Same here. One of them said there is a 5 bedroom apartment attached!


----------



## ilovestitch (Dec 22, 2006)

WOW! I have no idea how anyone could afford something like that and not have won the lottery!


----------



## Solon (May 11, 2008)

I don't think I would. I think a place like that might be overly neurotic about dirt, dust and all the little things like that, that go with horses. It's pretty, but I like a more functioning stable. Dirt and all.


----------



## My Beau (Jan 2, 2009)

Wellspring Farm... mmmmmmmmmmmm!!!


----------



## Lunachick (Feb 10, 2010)

The indoor arena is amazing.

Some look a bit over the top, but a less stately one would be lovely. 
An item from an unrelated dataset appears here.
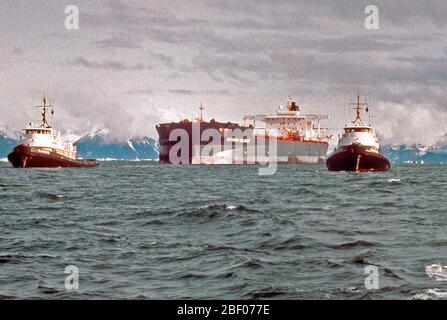 Prince William Sound, Alaska (Mar. 24) - die Exxon Valdez bleibt in Prince Williams Sound nach dem Auflaufen. Der Exxon Valdez strandete auf Bligh Riff im Prince William Sound, Alaska, 23. März 1989 auslaufen 11 Millionen Liter Rohöl, die in die größte Ölpest in der Geschichte der USA geführt. Stockfoto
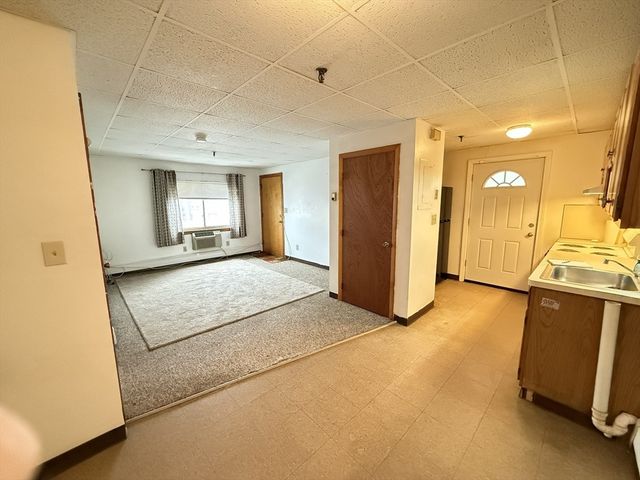 12A Hammond St A, Waltham, MA 02451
The really fancy tack room is awful though!


----------



## horsea (Dec 28, 2009)

There is a Lipizzan barn near me that is made by them. Believe me, they are even prettier in person! My house isn't even as nice as the stallion's barn and stalls! They are GORGEOUS!!!


----------



## kchfuller (Feb 1, 2008)

wow! 

i'll start saving my pennies!


----------



## drafts4ever (Sep 1, 2009)

ahhhhhhh!!!!!!!! I want all of them! I drooled.


----------



## Phantomcolt18 (Sep 25, 2007)

wow i wonder how much some of those cost?!?!?! they are baeutiful though


----------



## jumper25 (Dec 23, 2009)

Wow that's amazing!


----------



## Allison Finch (Oct 21, 2009)

I used to train at a place called BARA Farms in Colorado Springs. It had two indoor rings (one for dressage and one for jumping). The barns were gorgeous passive solar barns. Very fancy place with its own aqua treadmill, breeding barn etc.

Sadly, after I moved east, it was sold a couple of times. It is now called Cactus Creek Ranch, and is looking somewhat beat up. Too bad. 

Here is what it looks like now;

Cactus Creek Ranch, LLC

Still a pretty nice place.


----------



## ShannonSevenfold (Oct 11, 2008)

bah. Comment fail. haha. Sorry


----------



## White Foot (Jun 4, 2009)

Small world xD I've been to the one in NY.


----------